- **DATA LISTING**:
★ ★ ★
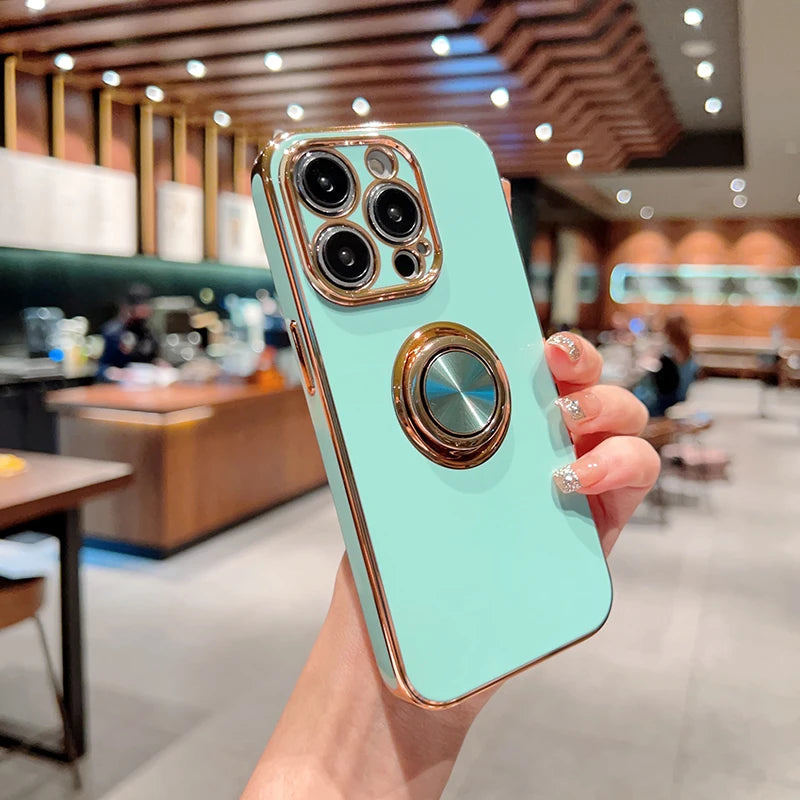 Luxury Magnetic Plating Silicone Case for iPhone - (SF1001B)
★ ★ ★
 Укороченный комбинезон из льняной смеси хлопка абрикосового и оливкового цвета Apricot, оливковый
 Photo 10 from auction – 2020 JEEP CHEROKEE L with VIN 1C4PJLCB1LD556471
★ ★ ★
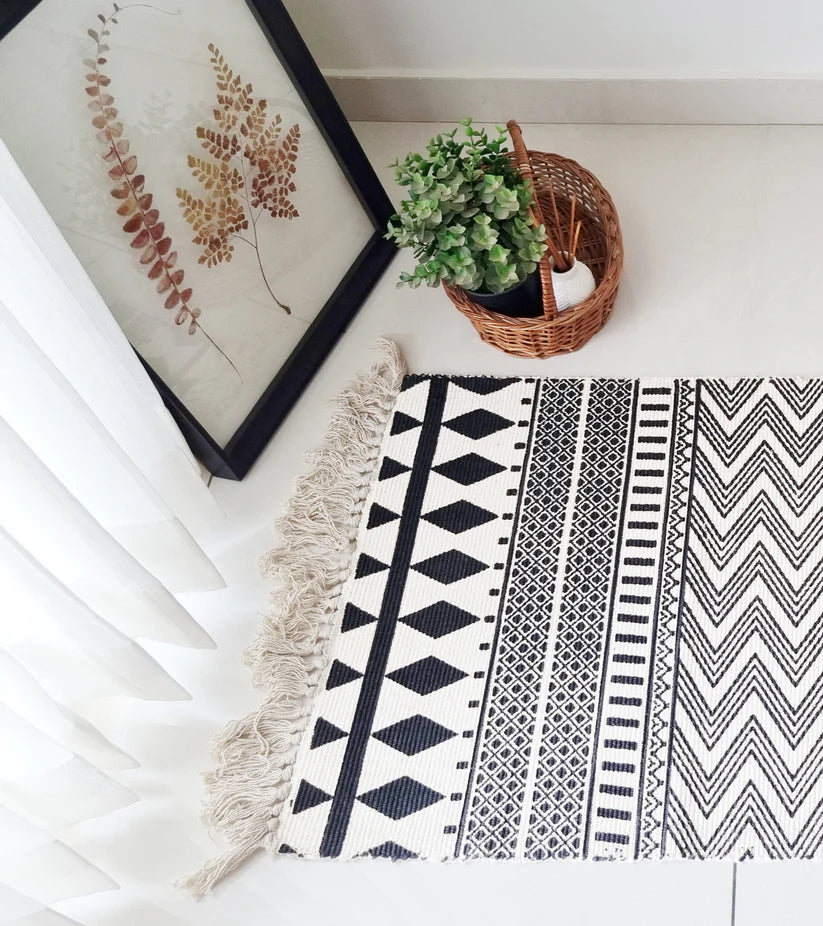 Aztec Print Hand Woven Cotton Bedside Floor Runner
★ ★ ★
- **DESCRIPTION OF THE TASK**:
Only one stretch of the records above is wanted: the lines between the one holding "Укороченный комбинезон из" and the one holding "Photo 10 from", inclusive, reproduced exactly.

- **ANSWER SPACE**:
 Укороченный комбинезон из льняной смеси хлопка абрикосового и оливкового цвета Apricot, оливковый
 Photo 10 from auction – 2020 JEEP CHEROKEE L with VIN 1C4PJLCB1LD556471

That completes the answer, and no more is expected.